Introduction: Abu al-Ala al-Ma’arri

The third poet who appears in Selección de poesía árabe is Abu al-Ala al-Ma’arri (973-1057 CE), who was born 223 years after Abbas Ibn al-Ahnaf (750-809 CE) and 112 after Abdullah Ibn al-Mu’tazz (861-908 CE), the two poets whose work I have already translated. In fact, taken together, the lives of these three poets coincide closely with the first three centuries of the Abbasid Caliphate, which was established in the year of al-Ahnaf’s birth (750 CE) and peaked during the subsequent two centuries. Fortunes turned thereafter, and by the time al-Ma’arri died in 1057, the empire faced serious challenges, although the ruling dynasty managed to hold on, in one form or another, until 1517 CE. For more on the historical background, and in particular the emergence of the Abbasid Caliphate, see this post. In the meantime, here is my translation of the biography of al-Ma’arri that appears in Selección de poesía árabe.

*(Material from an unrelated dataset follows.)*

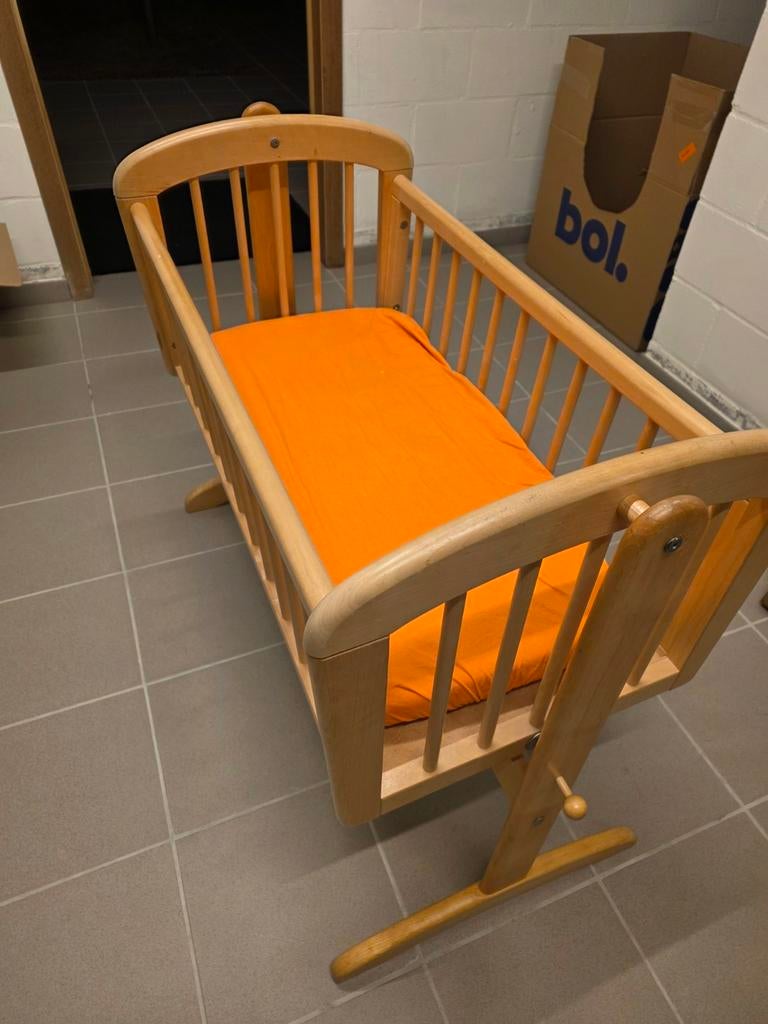 Wieg in mooie en goede staat, Ophalen, Wieg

Abu al-Ala al-Ma’arri was born in the Syrian city of al-Ma’arra in the year 973 CE. When he was four, he suffered an attack of smallpox and lost his sight. His father died when he was fourteen, and al-Ma’arri decided to depart for Aleppo, Antioch and other Syrian cities, where he would live and study for six years. It is notable that al-Ma’arri, like his father and other members of his family, avoided undertaking the customary pilgrimage to Mecca. At the age of twenty, he returned to the town of his birth, where he lived in relative poverty even as his reputation as a poet began to grow.

In 1008, al-Ma’arri travelled to Baghdad, where he performed his poetry to wide acclaim. After eighteen months in the Abbasid capital, he returned home, where he adopted an ascetic and vegetarian lifestyle, eating lentils and figs, and where he would remain confined in his house for the rest of his life. Blind and enclosed between four walls, he became known as “the twice-imprisoned man”. Adding his abandonment of religion to these two privations, he described himself as “thrice benighted”. Al-Ma’arri’s attempt to live as a hermit enjoyed only a partial success, as his home became a site of pilgrimage, with disciples from around the world visiting to hear him speak. Al-Ma’arri’s work is full of philosophical propositions and moral energy. It represents the highest point reached during the flourishing of intellectual life that characterised the Abbasid period. Al-Ma’arri died in 1057 at the age of 83.

My translations of al-Ma’arri’s poems will appear here in the weeks to come. As before, I’ll be working from Alberto Manzano’s Spanish, itself a translation from the medieval Arabic.